Security in User-Assisted Communications

Time/Date: 2:30pm, March 9(F), 2007

Location: RHFH #557

Speaker: Tong Zhou(PhD Student)
Advisor: Prof. Lein Harn

Abstract:

Today, companies called service providers enable communications and control the related infrastructures. However, with increased computing power, advanced wireless technologies and more standardized terminals, users in the future will be able to take more control of communications. In this paper, we define and discuss a disruptive communication model called User-Assisted Communications (UAC), which allows users to assist other users to establish communications, and propose a method for managing trust and security, which are the most challenging variables in UAC and must be addressed before UAC can be implemented successfully. A Social Network based Trust Establishment (SN-TE) is proposed for UAC implementation.

Brief biography:

Tong Zhou is an Interdisciplinary Ph.D. student of UMKC and works for Sprint Nextel as a Principal Engineer.
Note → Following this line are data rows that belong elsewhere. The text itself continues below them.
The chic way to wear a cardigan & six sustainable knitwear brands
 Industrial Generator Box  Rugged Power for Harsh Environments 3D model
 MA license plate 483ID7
He earned a Master’s degree in Electrical Engineering from the State University of New York at Stony Brook in 1998 and a Bachelor’s degree in Communications Engineering from Beijing Information Science & Technology University, China, in 1991. He received Sprint Annual Excellence Award in 2003. He is the inventor for three U.S. patents and has more than twenty patent applications pending in USPTO.